Все сказанное подкрепляет мой тезис, устанавливающий связь между этими размышлениями и темой всей книги: в качестве действующего и доверенного лица по-иному понятой античности, Ницше становится первооткрывателем аскетических культур в их неизмеримой исторической обширности. Не последнюю роль здесь играет и то, что слово áskesis (наряду со словом meléte, которое также является именем музы) в классическом греческом языке означает просто «упражнение» или «тренировка». В ходе предпринятой им новой дезинтеграции духа аскетизма Ницше не только наталкивается на фундаментальное значение упражняющейся жизни для формирования стилей существования или «культур». Он попадает в болевую точку, имеющую, по его мнению, решающее значение для всех сортов морали, точку раздвоения всех форм жизни-упражнения на аскетизм здоровых и аскетизм больных, при этом без колебаний изображая эту антитезу с почти карикатурной резкостью. Здоровые – уже довольно долго это слово подвергается бесчисленным деконструкциям, – это те, кто в силу своего здоровья хочет достичь лучших результатов с помощью хорошего аскетизма; больные – это те, кто болен и поэтому мечтает отомстить с помощью злонамеренного аскетизма.
Это невозможно назвать иначе, как чудовищным упрощением положения вещей. И тем не менее нельзя не признать: с помощью этих выкованных молотом тезисов на свет появляется нечто, что должно быть признано одним из величайших открытий в истории духа. Ницше – ни больше ни меньше как Генрих Шлиман аскезы. Он был абсолютно прав, когда посреди раскопок, в окружении психопатических обломков тысячелетий и руин разоренных дворцов он принял вид триумфирующего первооткрывателя. Сегодня мы знаем, что он копал в правильном месте, но то, что он раскопал, оказалось, если оставаться в образе, не гомеровской Троей, а более поздним слоем. Значительная же часть аскез, на которые он полемически ссылался, была не выражением отрицания жизни и метафизического лицемерия, а скорее героизмом в духовном инкогнито. Частные ошибочные интерпретации Ницше не обесценивают значение его открытия. Своим открытием Ницше судьбоносно (в хорошем смысле этого слова) стоит у истоков современных внедуховных аскетологий вместе с прилагающимися к ним физическими и психологическими техниками, диетологиями и самореферентными тренировками, то есть всеми формами самореферентных упражнений и работ над собственной витальной формой, которые я обобщаю в термине «антропотехника».
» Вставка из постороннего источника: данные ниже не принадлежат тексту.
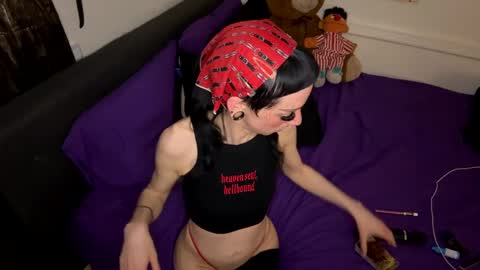 Snapshot of nymphaeaorion chatting on March 8, 2:12 am Nymphaea online show from March 8, 2:12 am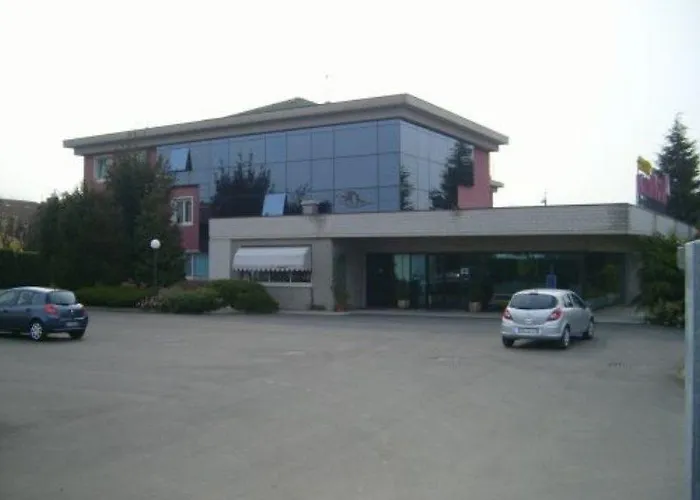 Hotel vicino all'aeroporto Aeroporto di Bergamo Orio al Serio “Il Caravaggio” Airport (BGY), Milano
Значение импульса, исходящего от нового взгляда Ницше на феномены аскезы, невозможно переоценить. Благодаря своему самопозиционированию в «надэпохальной» античности, которая скрывается за любой средневековой и нововременной не-античностью, даже за любым будущим, он достиг необходимой степени эксцентричности, чтобы взглянуть на свое собственное время, и не только на него, как бы со стороны. Его альтернативная датировка самого себя позволила ему совершить прыжок из настоящего, что придало ему такой остроты зрения, чтобы в одной беспрецедентной панораме охватить континуум высокоразвитых культур, трехтысячелетнее царство духовных упражнений, самодрессировок, самовосхождений и самосокращений, короче говоря, всю вселенную сведенных в метафизику вертикальных напряжений.